Amanda Doughty ’16 / Emertainment Monthly Editor
Hollywood’s latest fad is films based on true stories. There’s a biopic for just about every person who remotely made a mark on history, as well as a retelling of almost every disaster or remotely heroic event. It’s not that these movies are bad- a lot of them are quite good. There are just so many of them. Because these movies are in such high demand, every time something major happens, it seems as though someone starts making a movie about it right away. The latest victim of this is Captain Phillips: a retelling of the 2009 hijacking of the US Maersk Alabama, and one captain’s heroism in the face of imminent danger.
Most people watching this movie will remember the hijacking. It was the top story on every news station in America for a solid week. In fact, it’s a little surprising it even took four years to make this event a movie. After all, we got a Steve Jobs biopic less than two years after his death. But that doesn’t mean this movie is bad. In fact, it’s actually quite good. The action scenes leave you holding your breath in a way similar to last year’s Best Picture winner, Argo. The directing is fantastic. It’s long, but it goes by relatively quickly. It’s just a bit of a let down that, since the events happen so recently, you already know how it’s going to end.
In terms of acting, Tom Hanks- despite sporting a horrendous New England accent- is outstanding. And he’s kind of the only character anyone really cares about. He handles some really difficult material with a grace that only Tom Hanks can, and this is especially pertinent in the final scene of the film.
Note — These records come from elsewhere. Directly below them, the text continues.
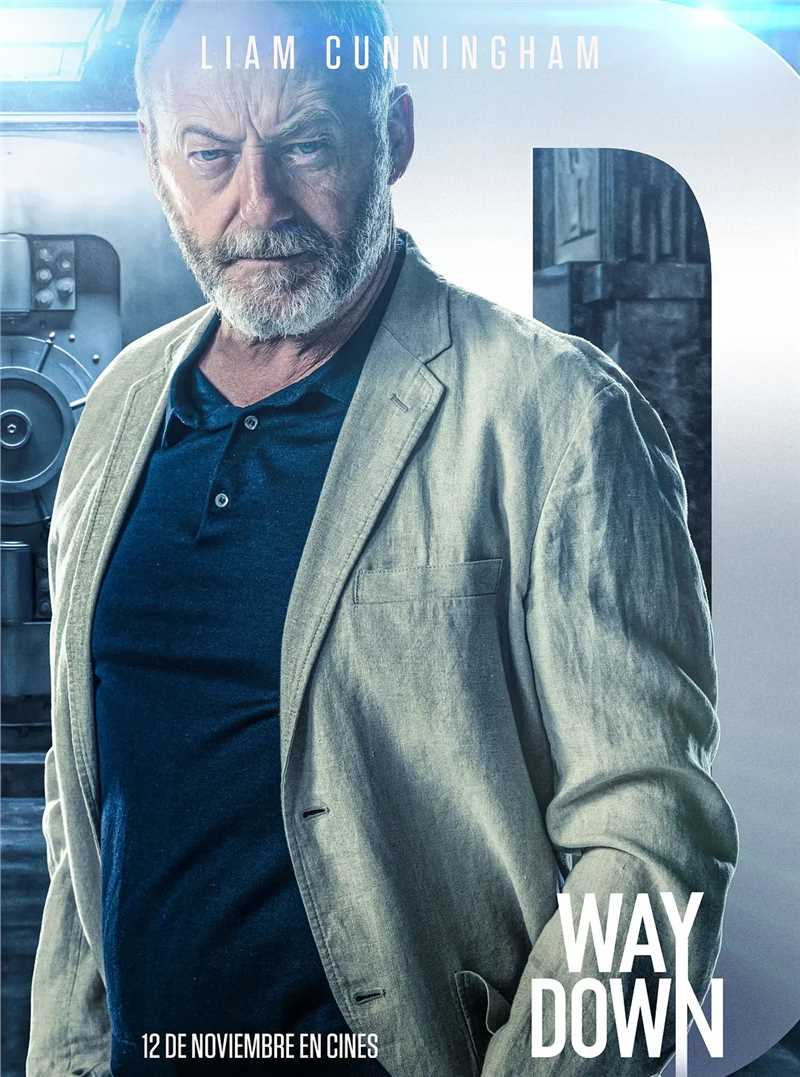 沿路而下Walter Moreland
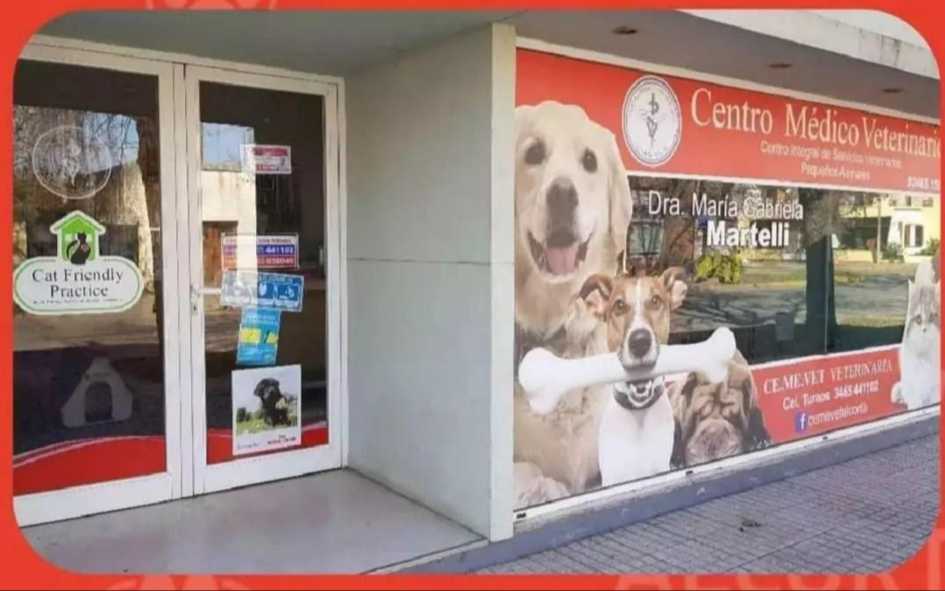 Bienvenidos a CEMEVET Veterinaria Alcorta
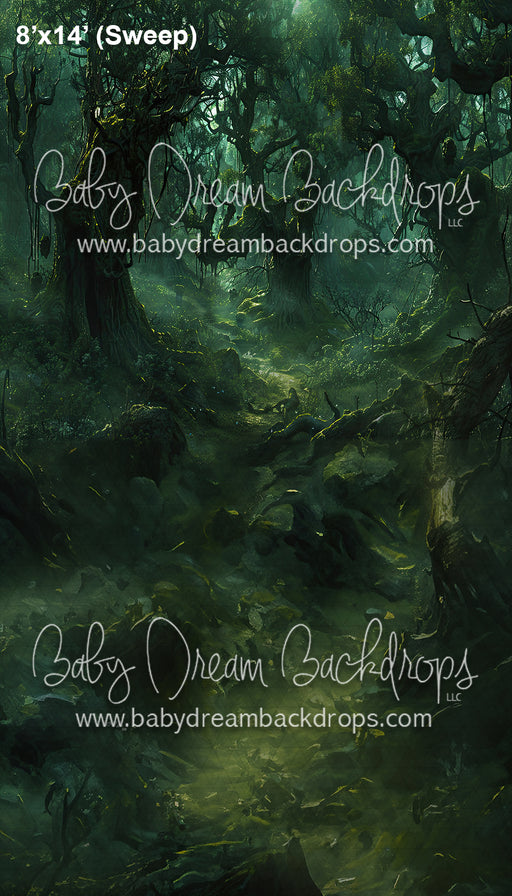 Dark Woods Sweep (SM) 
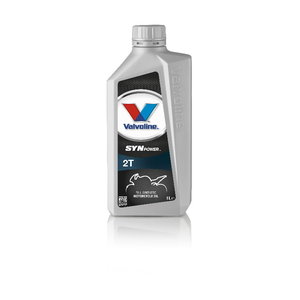 Segu&otilde;li 2T Synpower Motorcycle 1L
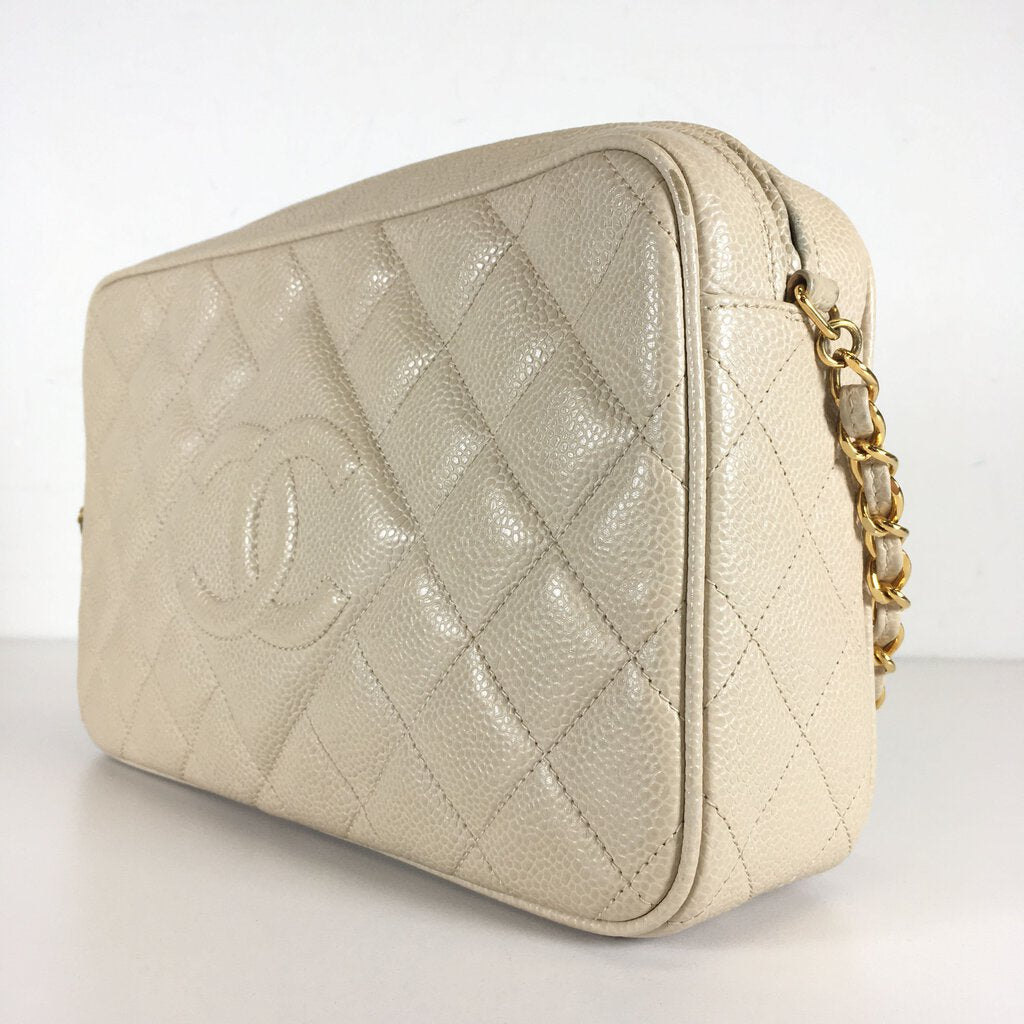 Chanel Vintage Camera Bag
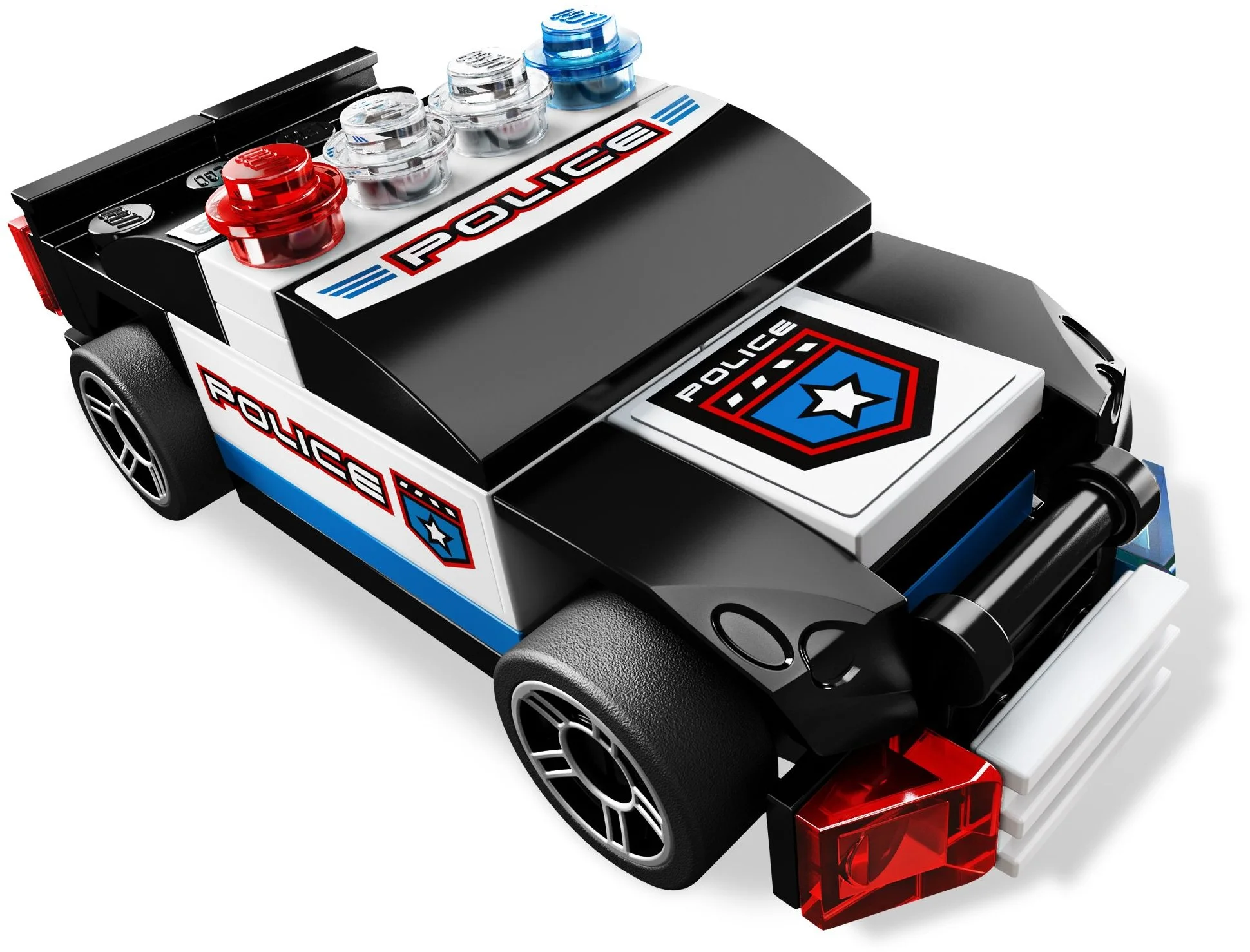 LEGO® 8301 Miejski Egzekutor - zdjęcie 6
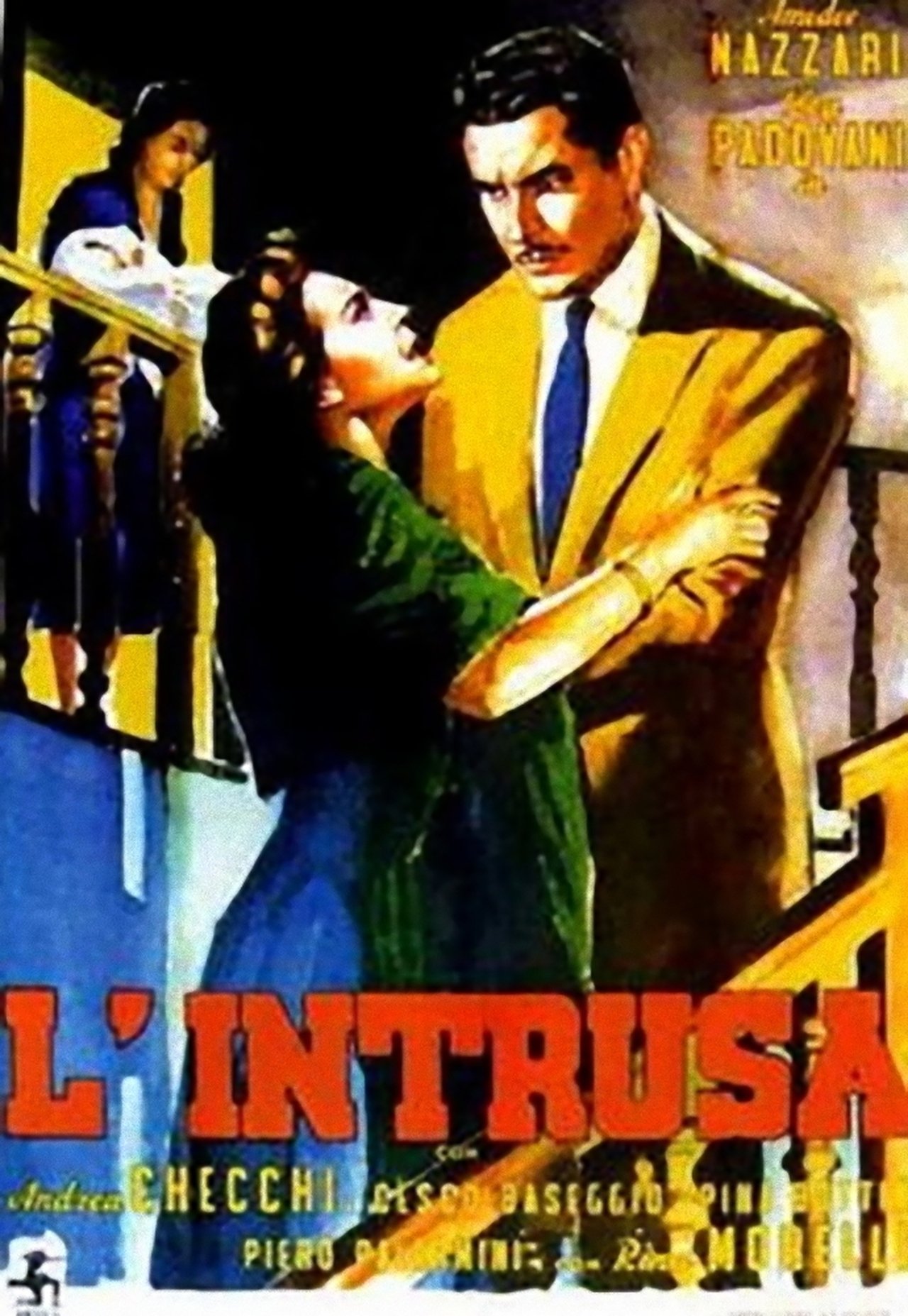 L'intrusa L'intrusa
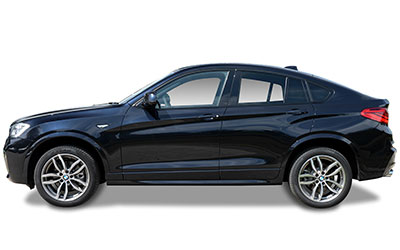 BMW X4 auto līzings | Sixt Leasing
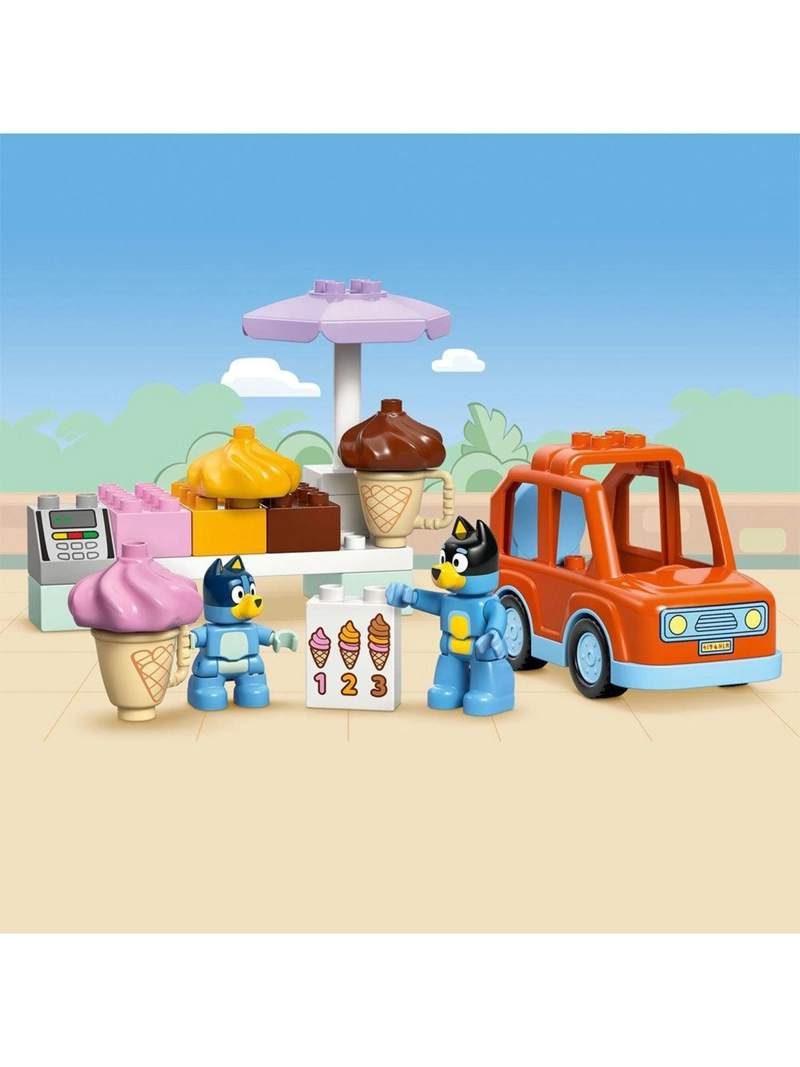 10458 BLUEY EXCURSION A LA HELADERIA CON BLUEY - 3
On top of that, it didn’t plead, “Give me an Oscar nomination,” which was refreshing after last year’s Cloud Atlas. It was a genuine, authentic, and spectacular performance. No one else could’ve played this role better.
The shining part of this movie, though, was the way it developed the relationship between Phillips and Muse, the captain of the hijackers. Throughout the movie, there’s a terse dialogue between the two of them that almost verges on playful at times, especially since Muse solely refers to Phillips as “Irish.” From this dialogue, a weird sort of dynamic develops. When they first meet, Muse threatens to kill Phillips just about every time he speaks. But by the end of the film, Muse starts insisting that they don’t kill Phillips, and stops some of his accomplices from doing so multiple times. In fact, Muse even opens up to Phillips a little bit, telling him how it’s his dream to move to America. On the Phillips side of things, he almost becomes a sort of mentor to Muse, telling him on multiple circumstances how to be a “good captain.” It’s to the point where, by the end, you’re not sure if Phillips is crying with relief, or if he’s crying for Muse’s loss of future. There’s a high possibility that it could be both. Overall, the film portrayed Muse and the other pirates like real people, and that gave it a significantly more authentic feel.
As a whole, this movie is fantastic. It portrays what happened accurately and gracefully. It’s not a movie you’re going to rush and see again, mostly because of its horrific content, but it’s definitely worth a trip to the theater.